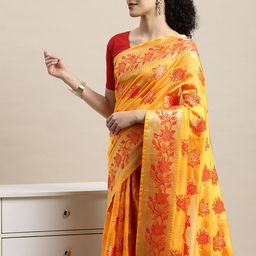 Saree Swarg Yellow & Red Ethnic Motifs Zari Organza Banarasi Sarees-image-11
* * * * * * *
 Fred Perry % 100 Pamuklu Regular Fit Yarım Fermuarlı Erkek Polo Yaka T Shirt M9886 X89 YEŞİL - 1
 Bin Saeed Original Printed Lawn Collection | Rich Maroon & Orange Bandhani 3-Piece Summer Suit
* * * * * * *
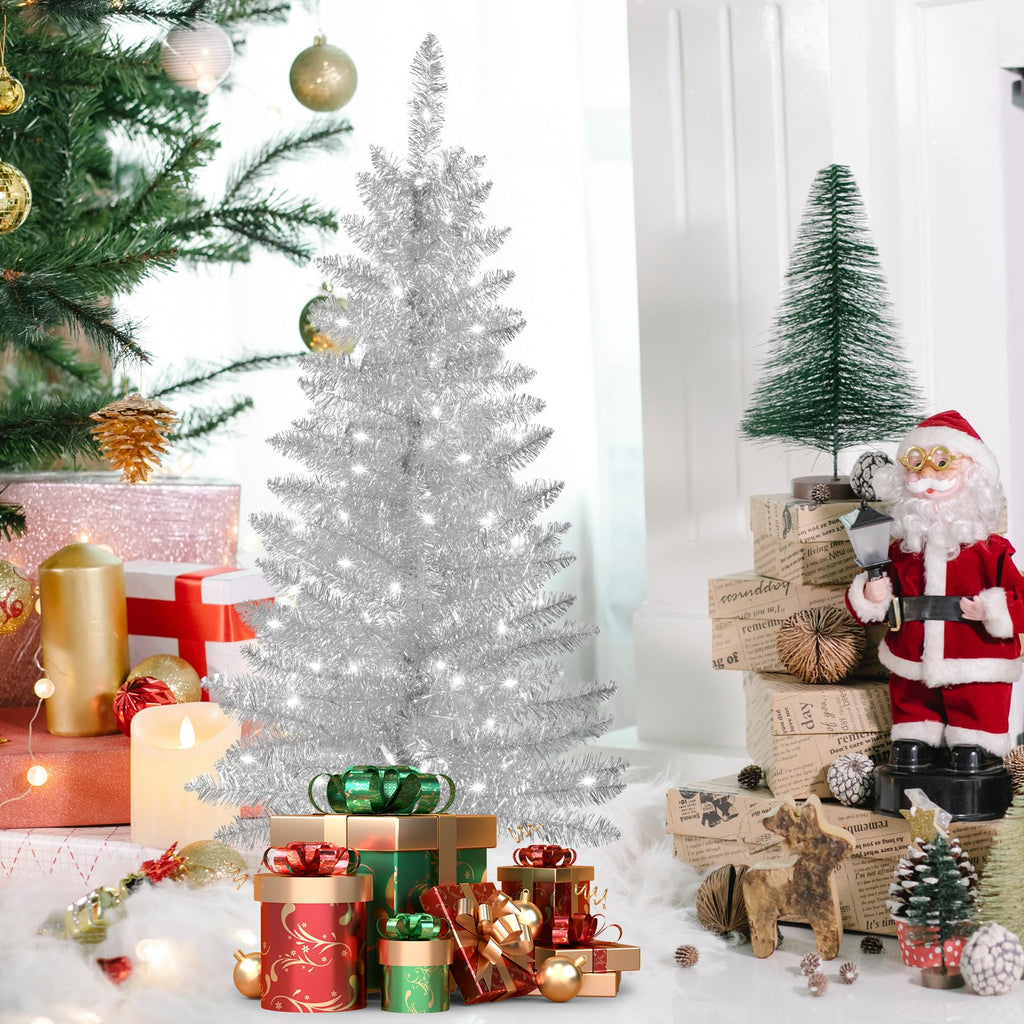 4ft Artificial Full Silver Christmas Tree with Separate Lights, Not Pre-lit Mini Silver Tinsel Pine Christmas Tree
* * * * * * *
Exercise details
Go through the listing above and write out exactly the lines starting with the one holding "Fred Perry %" and running through the one holding "Bin Saeed Original", ends included, and no others.

Solution to this task
 Fred Perry % 100 Pamuklu Regular Fit Yarım Fermuarlı Erkek Polo Yaka T Shirt M9886 X89 YEŞİL - 1
 Bin Saeed Original Printed Lawn Collection | Rich Maroon & Orange Bandhani 3-Piece Summer Suit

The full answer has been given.